## WHAT IS REQUIRED
Word for word, restate the lines of the listing below from the line with "Jingelmall Strong Suction" through the line with "成反派的黑月光后意满离了［穿书］", and do not include the pictures.

## DATASET CONTENT
■ ■ ■

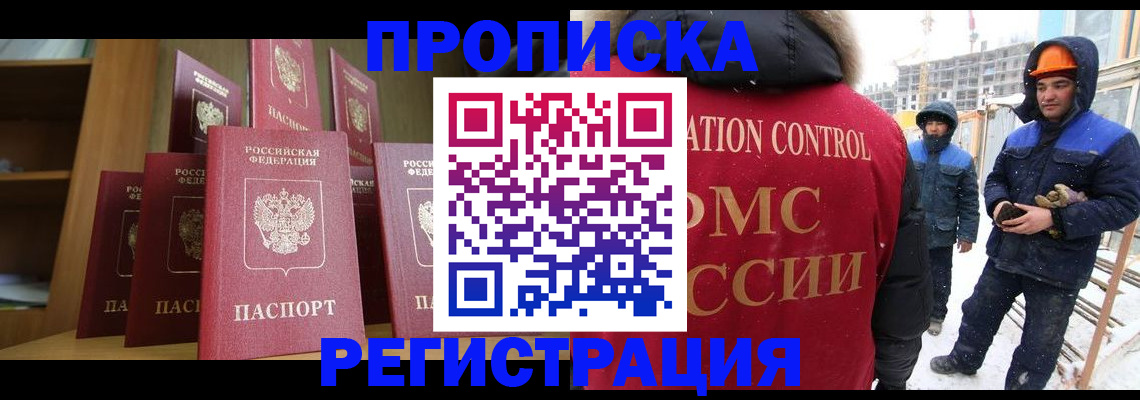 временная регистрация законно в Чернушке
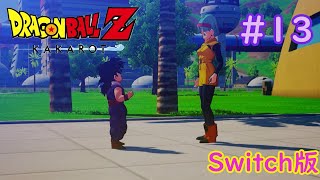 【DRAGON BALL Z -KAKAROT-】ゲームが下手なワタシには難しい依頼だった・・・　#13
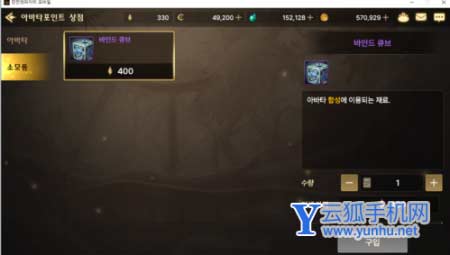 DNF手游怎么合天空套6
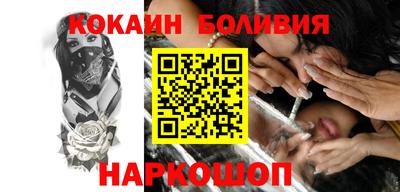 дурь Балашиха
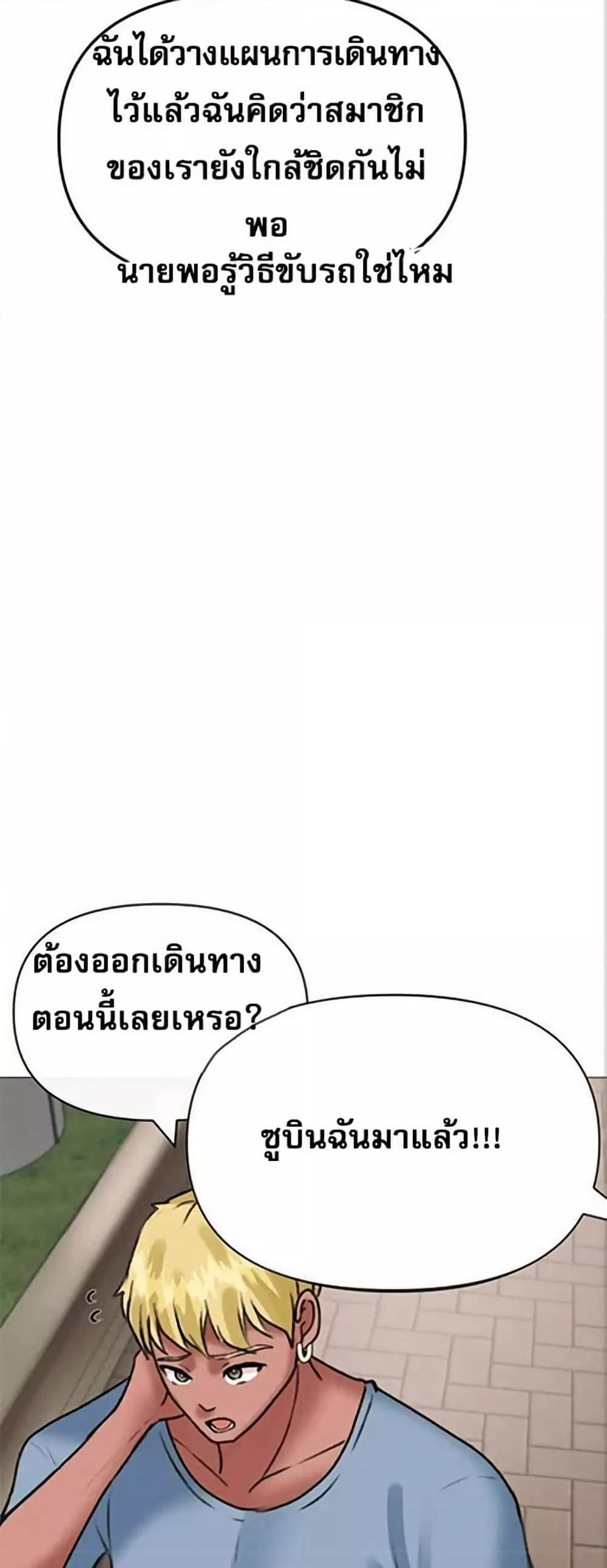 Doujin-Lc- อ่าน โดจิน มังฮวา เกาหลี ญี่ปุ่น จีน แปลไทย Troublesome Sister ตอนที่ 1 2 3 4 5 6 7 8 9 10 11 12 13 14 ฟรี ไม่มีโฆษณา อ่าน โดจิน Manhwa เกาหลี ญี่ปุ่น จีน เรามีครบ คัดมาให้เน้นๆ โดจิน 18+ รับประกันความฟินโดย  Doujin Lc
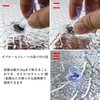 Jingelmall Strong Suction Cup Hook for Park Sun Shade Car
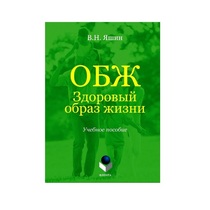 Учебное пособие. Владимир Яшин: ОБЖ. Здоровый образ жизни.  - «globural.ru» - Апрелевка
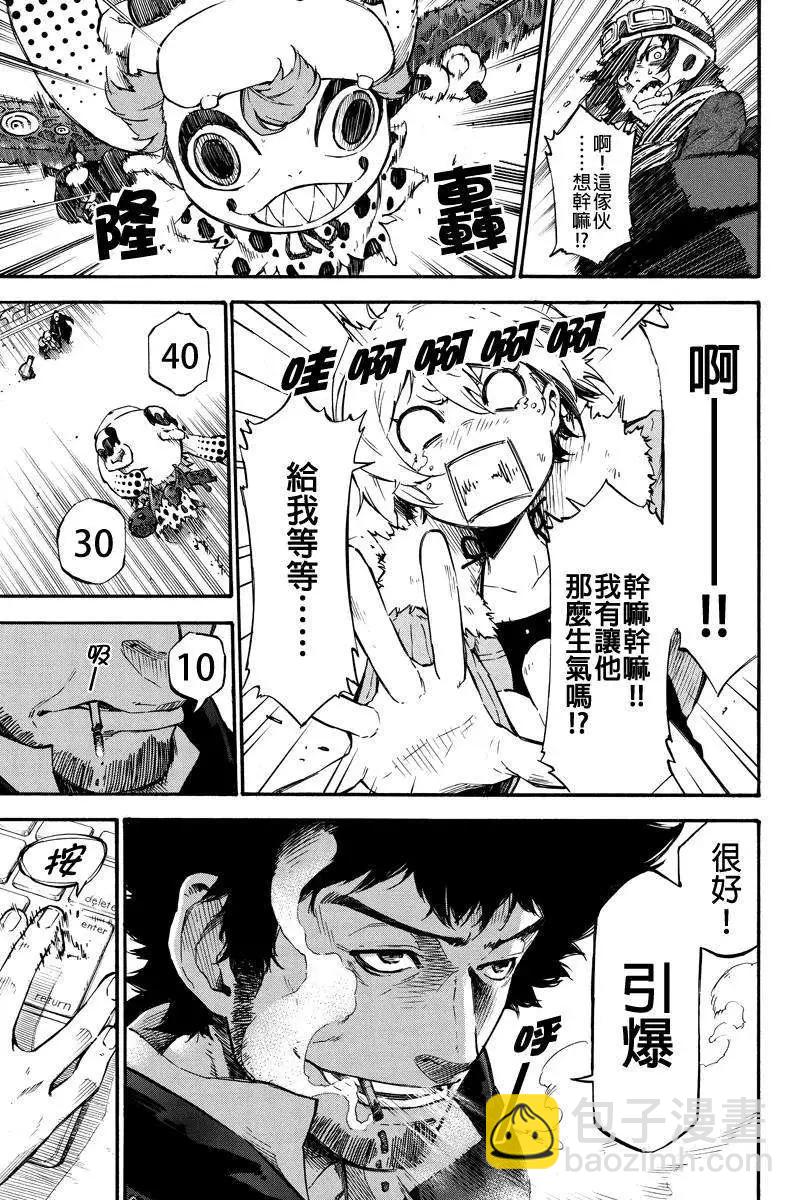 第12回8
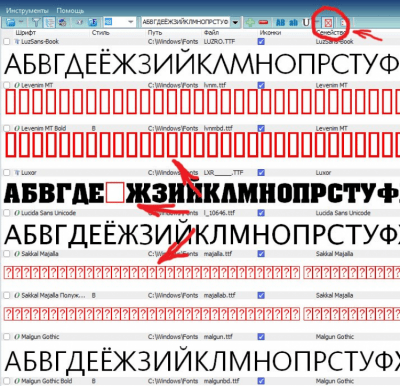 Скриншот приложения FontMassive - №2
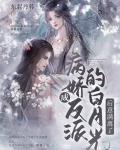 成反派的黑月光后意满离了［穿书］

■ ■ ■

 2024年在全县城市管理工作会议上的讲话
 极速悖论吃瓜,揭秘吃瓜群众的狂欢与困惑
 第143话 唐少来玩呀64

■ ■ ■

## EXERCISE SOLUTION
 Jingelmall Strong Suction Cup Hook for Park Sun Shade Car
 Учебное пособие. Владимир Яшин: ОБЖ. Здоровый образ жизни.  - «globural.ru» - Апрелевка
 第12回8
 Скриншот приложения FontMassive - №2
 成反派的黑月光后意满离了［穿书］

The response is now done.